Grabenstätt/St. Pölten - Die Polizei lastet den beiden jetzt verhafteten Männern aus der Slowakei 13 Einbrüche an, 11 Autodiebstähle und mehrere Angriffe mit sogenannten Krähenfüßen bei Fluchten nach ihren Taten. Die kriminellen Aktivitäten sollen sich in Deutschland, Österreich und Polen abgespielt haben.

In Erlstätt ins Feuerwehrhaus eingebrochen

Ein besonderes spektakulärer Fall, den die Polizei dem kriminellen Duo zuschreibt, ereignete sich im März dieses Jahres in Erlstätt bei Grabenstätt und in der Folge bei einer Verfolgungsjagd auf der A8, als die Einbrecher Richtung Österreich entkamen.

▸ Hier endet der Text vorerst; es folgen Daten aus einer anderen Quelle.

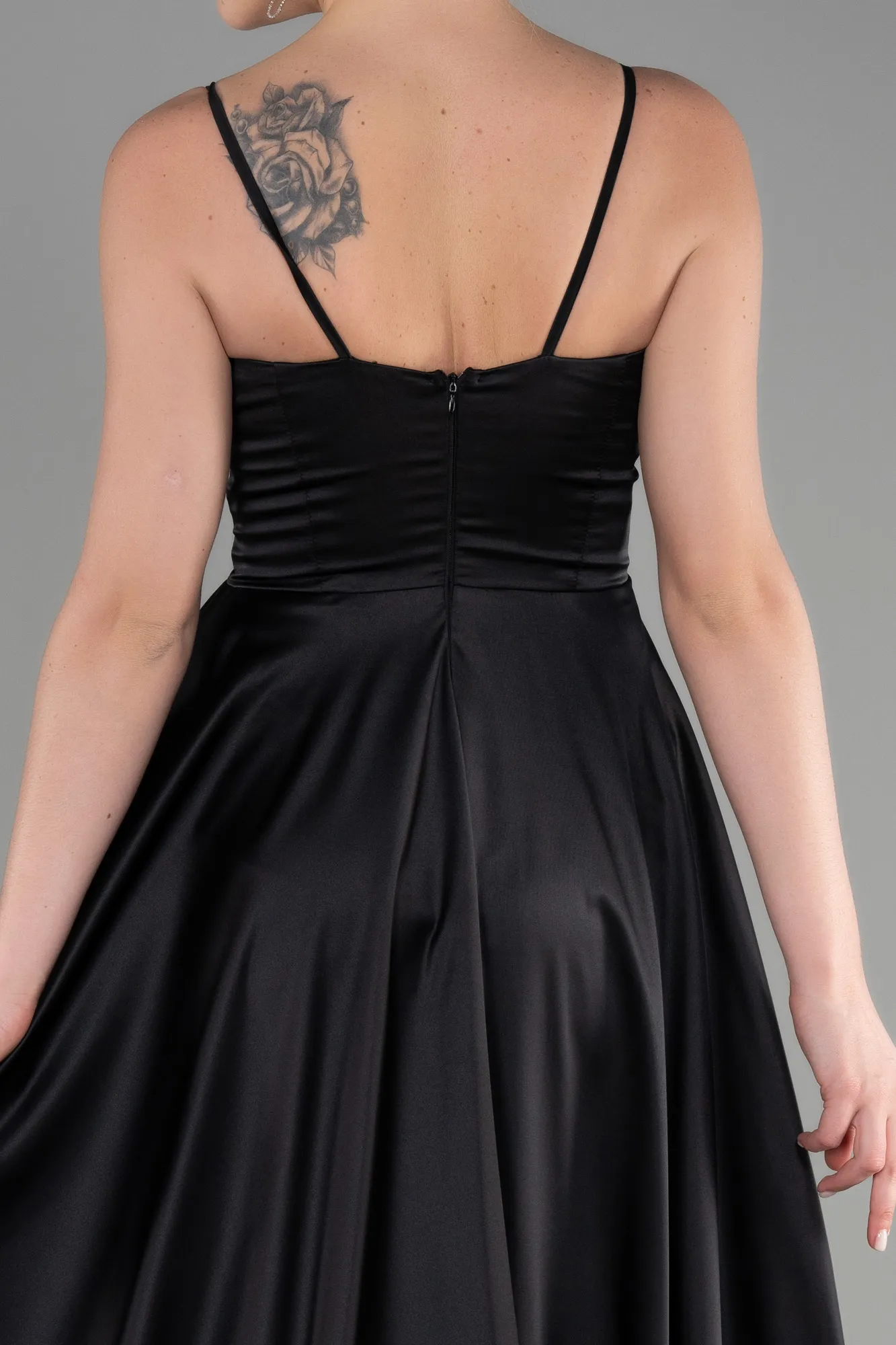 Black-Long Satin Evening Dress ABU3484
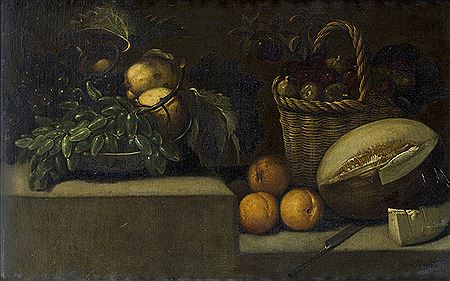 Bodegón con cesto de frutas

In Erlstätt waren Einbrecher ins Gerätehaus der Feuerwehr eingedrungen und hatten einen hochwertigen Rettungsspreizer im Wert von rund 20.000 Euro entwendet. „Bei dem Einbruch gingen die Täter hochprofessionell vor, sodass davon auszugehen ist, dass zwischen der Tat und dem flüchtenden Fahrzeug ein Zusammenhang besteht und die Täter vermutlich zur Verdeckung des Einbruchs die Flucht ergriffen“, teilte die Polizei in einer Erklärung mit.

Polizei mit Krähenfüßen auf der Autobahn abgehängt

Die Polizei wollte damals in der Tatnacht bei Bergen einen schwarzen Audi S6 mit österreichischem Kennzeichen kontrollieren. Der Fahrer beschleunigte, bog auf A8 Richtung Salzburg ein und flüchtete. Bei einer anschließenden Verfolgungsjagd mit der Polizei warfen die Insassen des Fahrzeuges sogenannte Krähenfüße - ineinander verbogene Nägel aus dem Fenster - und bremsten damit mehrere folgende Fahrzeuge aus und beschädigten diese.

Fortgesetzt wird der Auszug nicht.